> **YOUR INSTRUCTIONS**
Find the line below with "Theodore Roosevelt, 1905." and the line with "Picture of Cassia Biflora - Flowering Plant". Output them and the lines between, exactly, but not the pictures.

^^^^^^^^

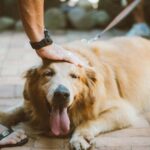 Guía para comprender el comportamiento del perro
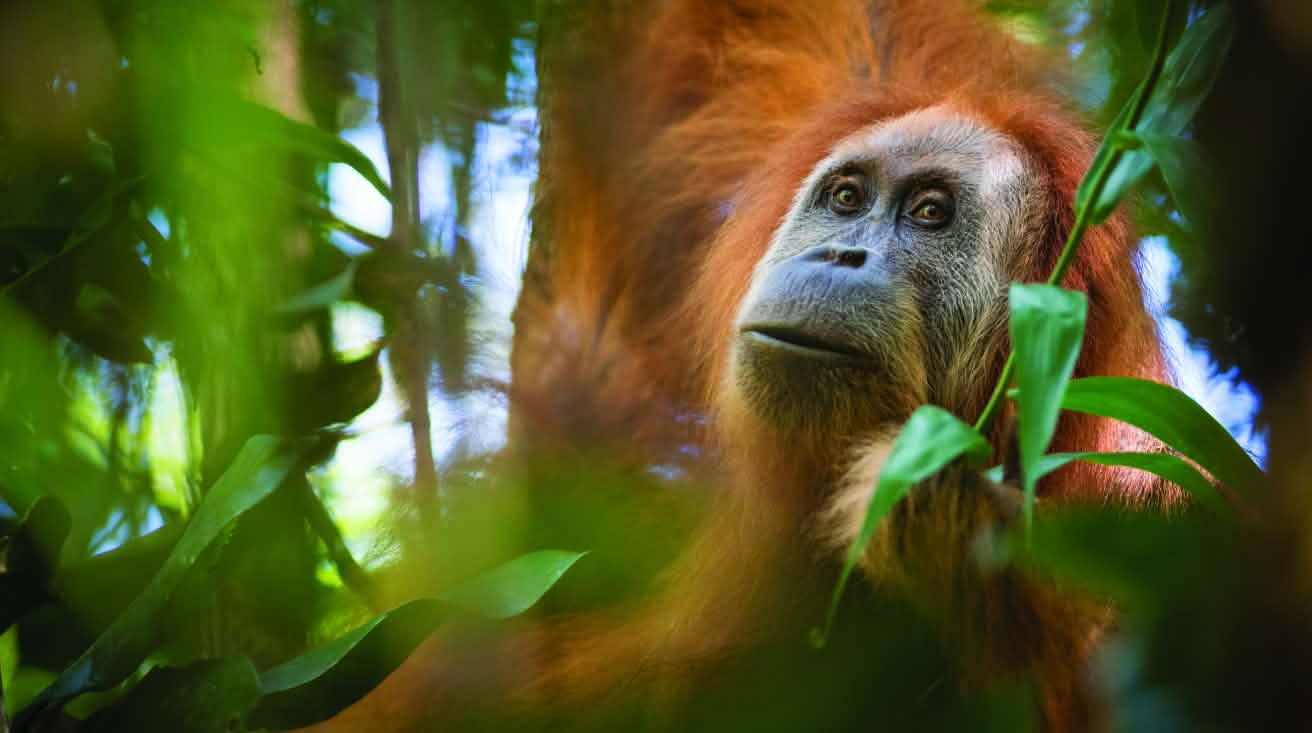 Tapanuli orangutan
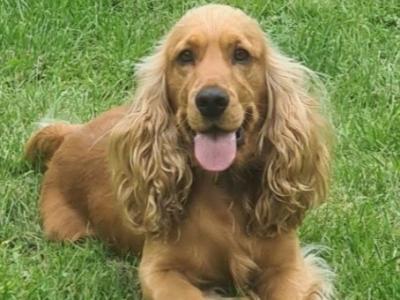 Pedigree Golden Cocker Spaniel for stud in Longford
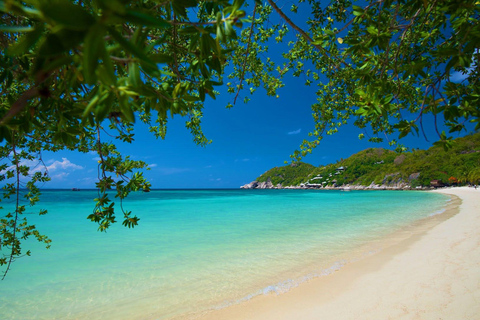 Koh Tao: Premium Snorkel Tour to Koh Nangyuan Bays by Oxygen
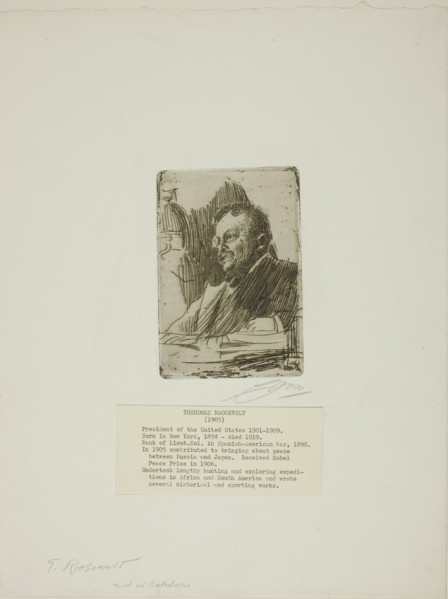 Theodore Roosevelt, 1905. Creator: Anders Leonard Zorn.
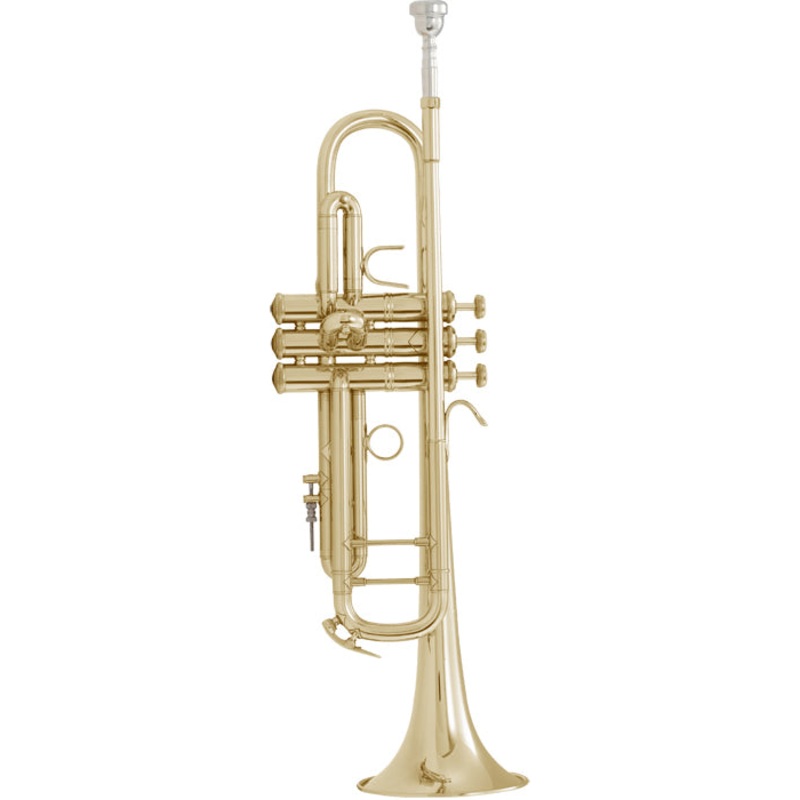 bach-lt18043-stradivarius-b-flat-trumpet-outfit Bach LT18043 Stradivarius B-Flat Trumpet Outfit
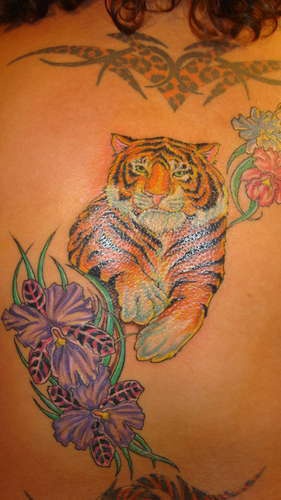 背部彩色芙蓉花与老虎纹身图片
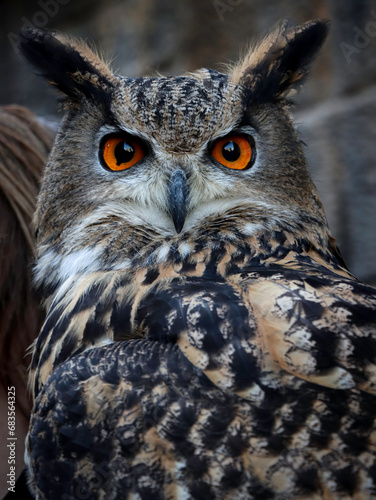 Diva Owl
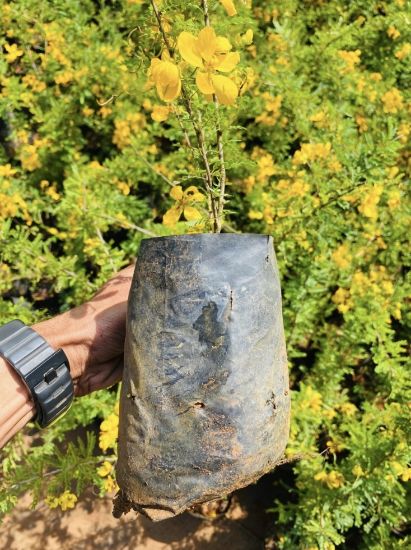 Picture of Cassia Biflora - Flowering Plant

^^^^^^^^

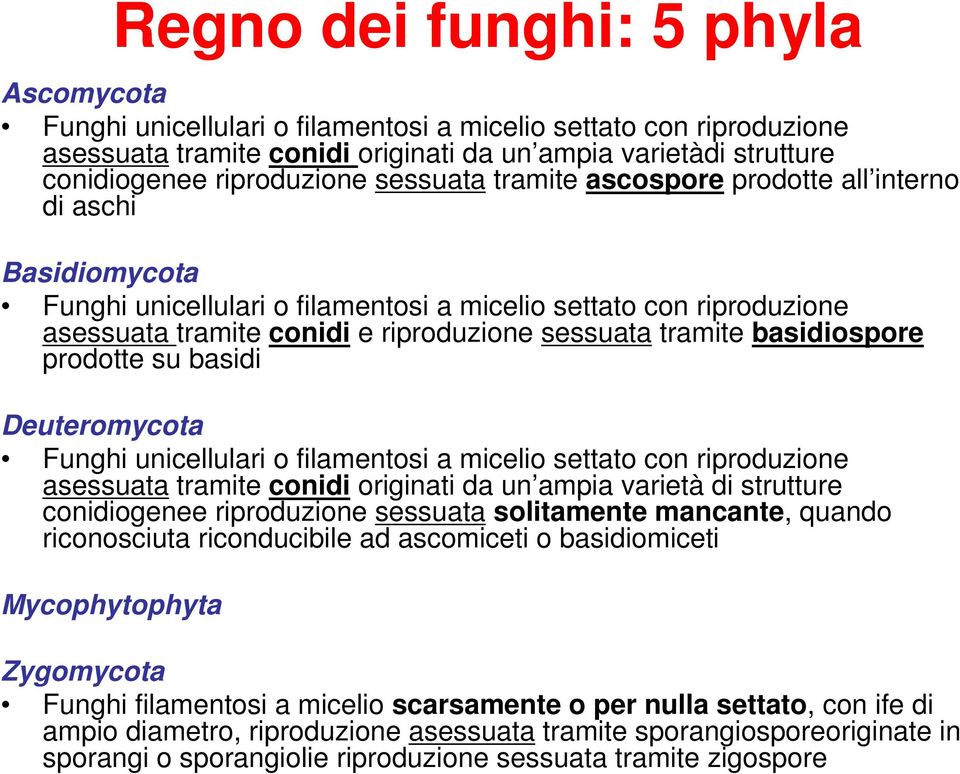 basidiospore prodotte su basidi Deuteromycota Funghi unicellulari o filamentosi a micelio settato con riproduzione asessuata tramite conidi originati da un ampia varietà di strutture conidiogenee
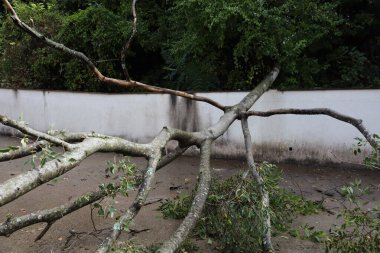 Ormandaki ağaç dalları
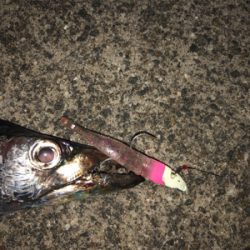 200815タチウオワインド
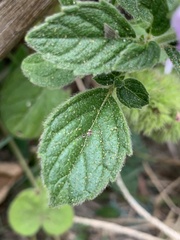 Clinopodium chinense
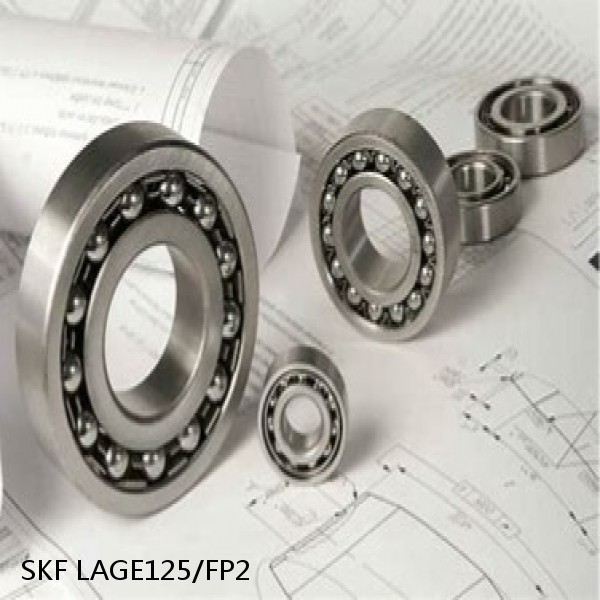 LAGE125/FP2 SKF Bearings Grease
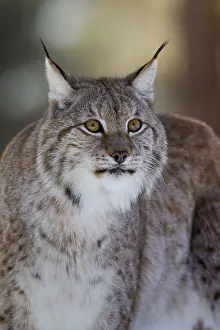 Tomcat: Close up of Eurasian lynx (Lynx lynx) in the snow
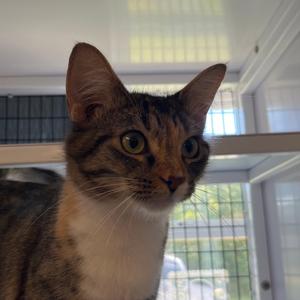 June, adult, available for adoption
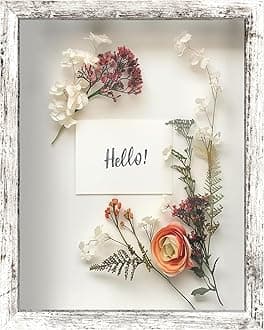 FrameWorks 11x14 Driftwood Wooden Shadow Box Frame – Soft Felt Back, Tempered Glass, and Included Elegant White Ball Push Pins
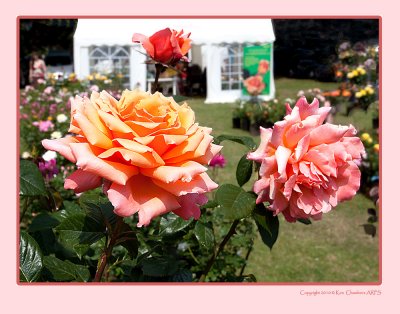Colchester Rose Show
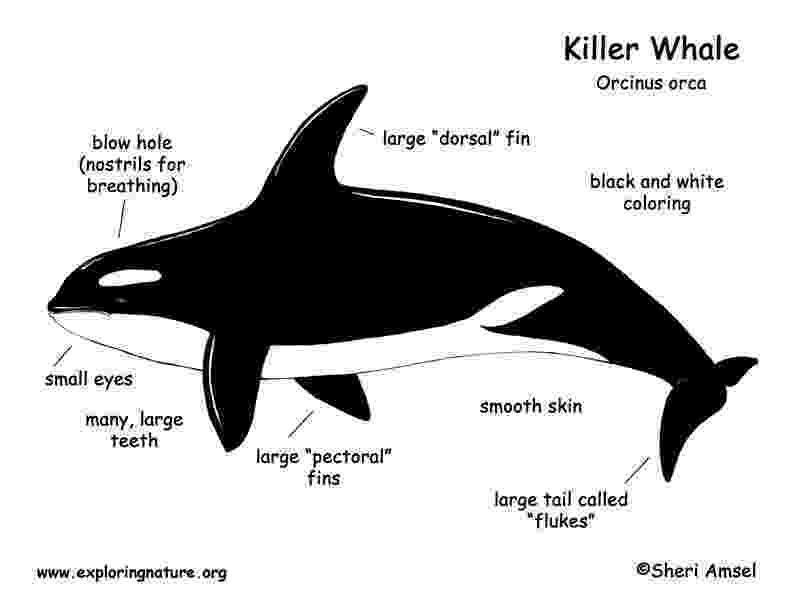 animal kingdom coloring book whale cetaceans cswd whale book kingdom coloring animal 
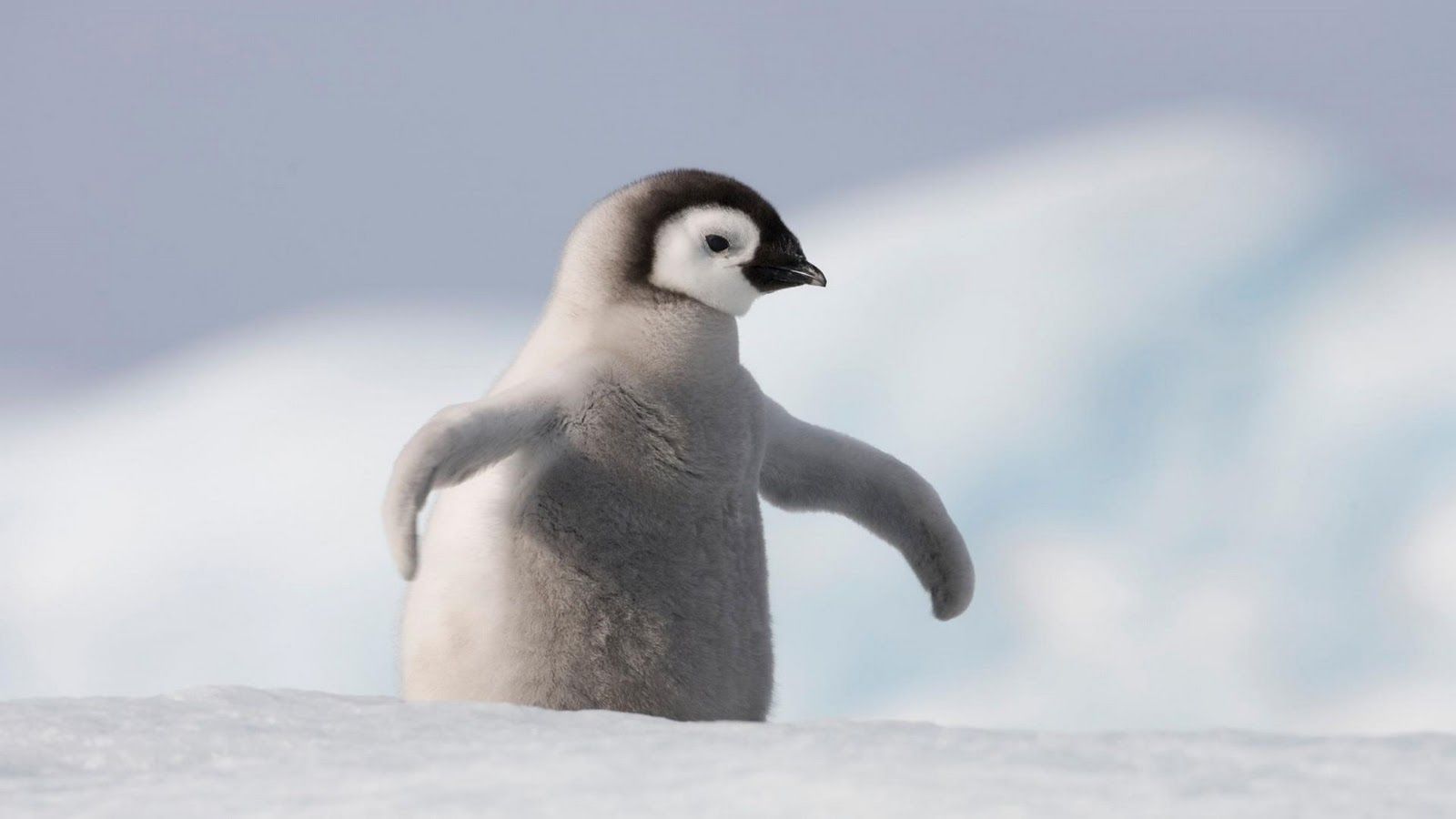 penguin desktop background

^^^^^^^^

> **EXERCISE RESPONSE**
 Theodore Roosevelt, 1905. Creator: Anders Leonard Zorn.
 bach-lt18043-stradivarius-b-flat-trumpet-outfit Bach LT18043 Stradivarius B-Flat Trumpet Outfit
 背部彩色芙蓉花与老虎纹身图片
 Diva Owl
 Picture of Cassia Biflora - Flowering Plant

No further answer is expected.